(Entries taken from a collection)
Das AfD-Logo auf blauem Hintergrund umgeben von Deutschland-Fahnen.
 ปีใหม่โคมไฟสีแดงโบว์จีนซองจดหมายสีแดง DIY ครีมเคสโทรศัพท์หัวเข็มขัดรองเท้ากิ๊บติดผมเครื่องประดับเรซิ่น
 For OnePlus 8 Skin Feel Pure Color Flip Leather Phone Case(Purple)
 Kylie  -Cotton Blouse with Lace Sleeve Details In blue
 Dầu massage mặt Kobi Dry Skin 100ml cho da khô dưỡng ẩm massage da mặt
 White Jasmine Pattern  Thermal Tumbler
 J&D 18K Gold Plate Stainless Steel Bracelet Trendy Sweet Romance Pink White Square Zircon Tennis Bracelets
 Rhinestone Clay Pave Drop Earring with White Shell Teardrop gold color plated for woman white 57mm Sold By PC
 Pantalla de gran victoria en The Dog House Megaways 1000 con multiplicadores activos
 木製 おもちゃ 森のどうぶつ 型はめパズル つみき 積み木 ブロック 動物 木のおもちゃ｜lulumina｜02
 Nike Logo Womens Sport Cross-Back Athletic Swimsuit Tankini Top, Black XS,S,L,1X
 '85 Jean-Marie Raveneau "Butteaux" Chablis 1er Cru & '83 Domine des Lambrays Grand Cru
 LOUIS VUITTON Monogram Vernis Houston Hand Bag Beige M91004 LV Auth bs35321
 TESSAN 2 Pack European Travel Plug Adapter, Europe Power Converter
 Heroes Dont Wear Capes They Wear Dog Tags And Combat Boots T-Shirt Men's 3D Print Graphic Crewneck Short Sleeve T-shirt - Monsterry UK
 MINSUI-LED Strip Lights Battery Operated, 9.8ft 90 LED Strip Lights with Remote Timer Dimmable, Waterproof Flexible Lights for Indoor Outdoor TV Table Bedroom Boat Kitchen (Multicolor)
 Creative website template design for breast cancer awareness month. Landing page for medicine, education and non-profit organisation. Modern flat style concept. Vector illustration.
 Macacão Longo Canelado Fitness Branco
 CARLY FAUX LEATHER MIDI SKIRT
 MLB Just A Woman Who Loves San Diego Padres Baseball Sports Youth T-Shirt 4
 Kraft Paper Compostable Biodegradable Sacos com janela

• What you should do: Your answer should be each line of the data that contains the word "Sleeve", copied as it stands.

• Result of the exercise:
 Kylie  -Cotton Blouse with Lace Sleeve Details In blue
 Heroes Dont Wear Capes They Wear Dog Tags And Combat Boots T-Shirt Men's 3D Print Graphic Crewneck Short Sleeve T-shirt - Monsterry UK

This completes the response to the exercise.